Benteng Fakta (Tanggamus) – Komitmen Pemerintah Kabupaten Tanggamus dalam memperkuat sektor pertanian kembali ditegaskan. Kali ini, Pemkab Tanggamus menyatakan dukungan penuh terhadap pengembangan budidaya bawang putih Grade A yang digagas Polres Tanggamus di Pekon Datarajan, Kecamatan Pulau Panggung.

Dukungan tersebut disampaikan Bupati Tanggamus, Drs. H. Moh. Saleh Asnawi, M.A., M.H., saat menerima audiensi jajaran Polres Tanggamus yang dipimpin Wakapolres Kompol Freddy Aprisa Putra, S.H., M.H., di Ruang Rapat Kantor Bupati Tanggamus, Rabu (29/7/2026).

Bupati didampingi Asisten Perekonomian dan Pembangunan Setdakab Tanggamus Hendra Wijaya, Kepala Dinas Komunikasi dan Informatika Suhartono, Sekretaris Dinas Tanaman Pangan dan Hortikultura Rahmat Hidayat, Kabag Ekobang Evi Silvia, serta jajaran Pemerintah Kabupaten Tanggamus. Sementara Wakapolres hadir bersama para Pejabat Utama Polres Tanggamus dan sejumlah kapolsek.

Dalam pemaparannya, Kompol Freddy menjelaskan bahwa program budidaya bawang putih di Datarajan telah memasuki masa panen perdana di lahan seluas satu hektare. Hasil panen mencapai sekitar 4–5 ton dengan kualitas Grade A, setelah mendapat pendampingan dari tim asistensi Sembalun, Lombok, serta Balai Pengawasan dan Sertifikasi Benih (BPSB) Provinsi Lampung.

“Hasilnya sangat bagus, masuk Grade A dengan ukuran umbi di atas standar. Panen pertama ini menghasilkan sekitar 4 sampai 5 ton dan seluruhnya diprioritaskan sebagai bibit pengembangan lahan berikutnya, bukan untuk diperjualbelikan,” ujar Kompol Freddy.

Ia menambahkan, keberhasilan tersebut mendapat perhatian pemerintah pusat setelah program ketahanan pangan Polri dipaparkan Kapolri di hadapan Presiden Republik Indonesia. Saat ini, Tanggamus bersama Lampung Barat menjadi daerah yang diprioritaskan dalam pengembangan bawang putih nasional.

Sebagai bentuk keseriusan, Polres Tanggamus juga telah mengirim perwakilan kelompok tani dan personel mengikuti bimbingan teknis budidaya bawang putih di Sembalun, Lombok, guna meningkatkan kapasitas petani lokal.

Menanggapi capaian tersebut, Bupati Moh. Saleh Asnawi memberikan apresiasi tinggi dan menilai kawasan Datarajan memiliki potensi besar untuk berkembang menjadi sentra bawang putih unggulan di Lampung.

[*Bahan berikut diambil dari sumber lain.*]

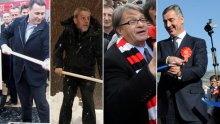Tko je najveći balkanski populist?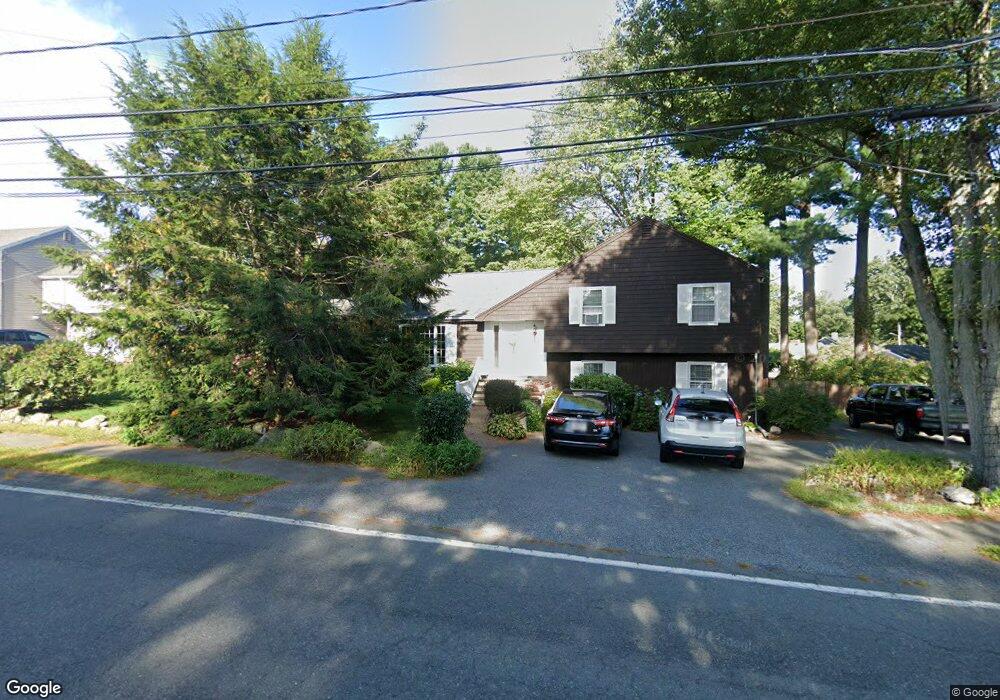334 Charles St, Reading, MA 01867 - photo 1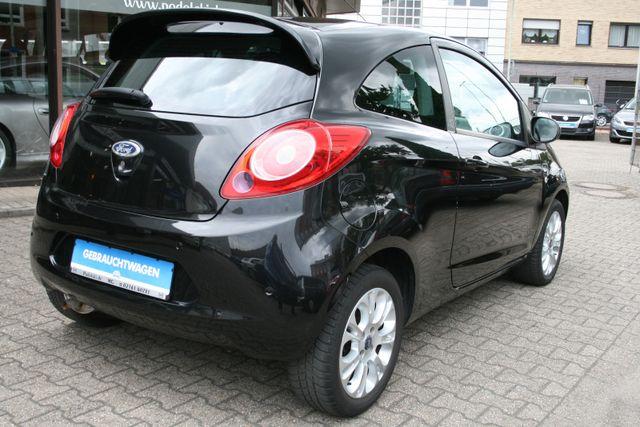 Ford Ka/Ka+ Titanium |Klima |PDC |Allwetterreifen|Tüv Neu 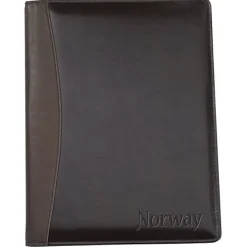 Soho Leather Business Writing Pad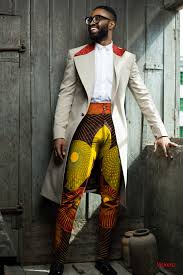Formerly known as rico slim, ric hassani. Here S Our Style Star Of The Week Ric Hassani The African Gentleman Zoede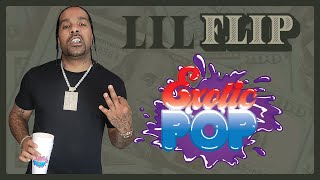 Lil Flip  The Originators  Exotic Pop x Rap Economics Mic Drop [upl. by Trevar]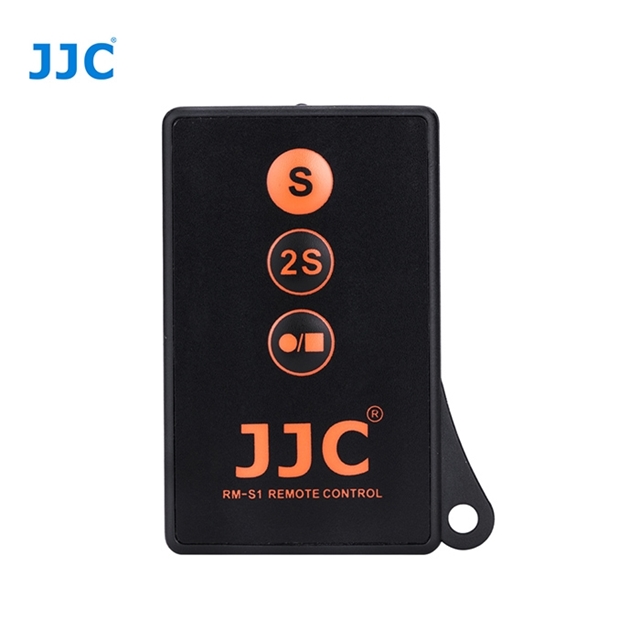 SONY 索尼 JJC副廠 RMT-DSLR1 RMT-DSLR2遙控器RM-S1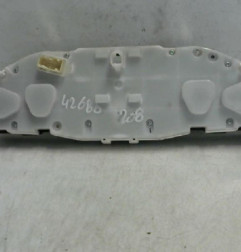 Compteur PEUGEOT 208 1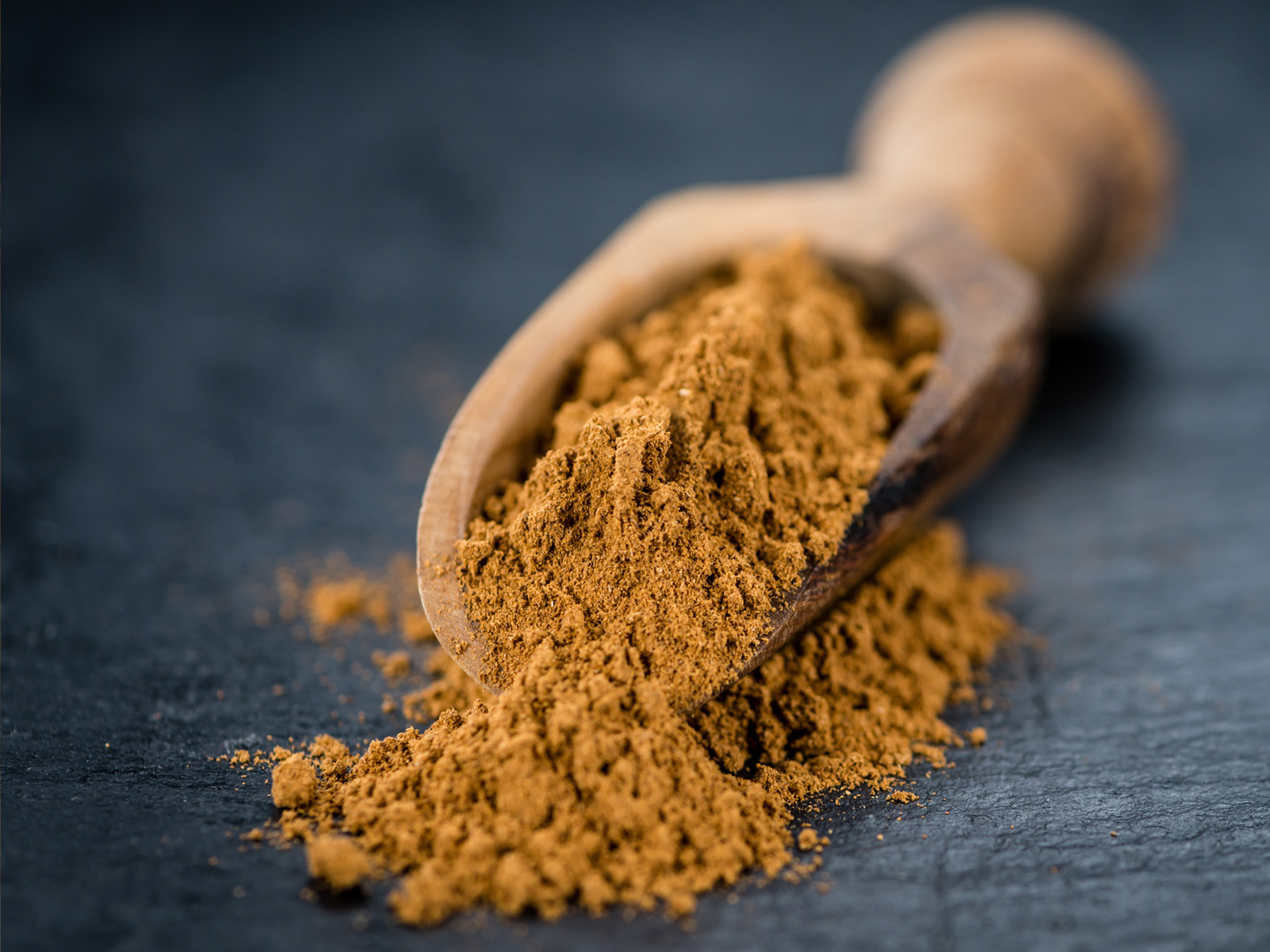 What Kitchen Spice Boosts Metabolism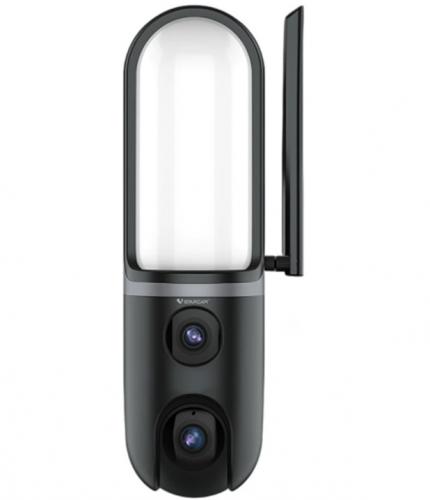 ΑΣΥΡΜΑΤΗ ΚΑΜΕΡΑ IP VSTARCAM FC4 3MP WiFi SD PTZ IP66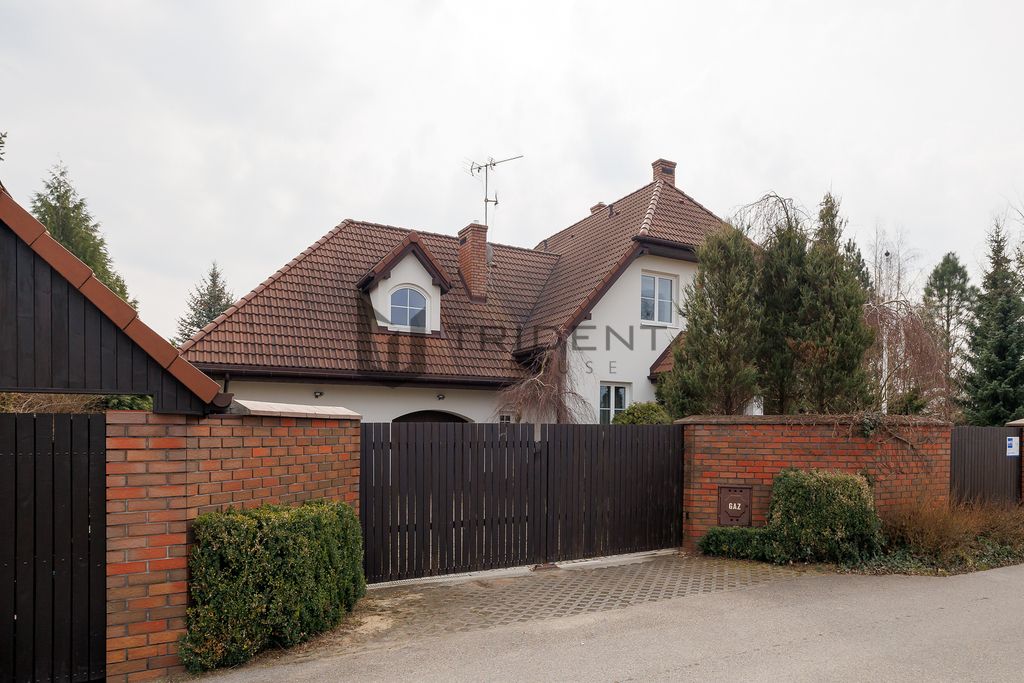 dom wolnostojący, 6 pokoi Wola Gołkowska. Zdjęcie 3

“Kalau hasilnya sudah masuk Grade A, berarti lokasi yang dipilih memang sangat tepat. Kita akan dorong pengembangannya, bukan hanya satu hektare, tetapi diperluas sesuai potensi lahan yang tersedia,” kata Bupati.

Sebagai bentuk dukungan nyata, Pemkab Tanggamus siap menyiapkan lahan seluas 10 hingga 20 hektare untuk memperluas budidaya bawang putih apabila hasil yang dicapai tetap konsisten.

“Yang terpenting kualitas dan keberhasilannya tetap terjaga sehingga mampu meningkatkan kesejahteraan petani,” tegasnya.

Bupati juga mengingatkan pentingnya kepastian pasar sebelum pengembangan dilakukan secara besar-besaran. Menurutnya, petani harus memiliki jaminan pemasaran agar semakin yakin membudidayakan bawang putih.

Menjawab hal tersebut, Wakapolres memastikan bahwa hasil produksi nantinya telah diproyeksikan memiliki pasar yang jelas melalui jaringan yang dibangun bersama tim pendamping dari Sembalun. Adapun panen perdana saat ini diprioritaskan sebagai penyedia bibit guna mendukung perluasan areal tanam.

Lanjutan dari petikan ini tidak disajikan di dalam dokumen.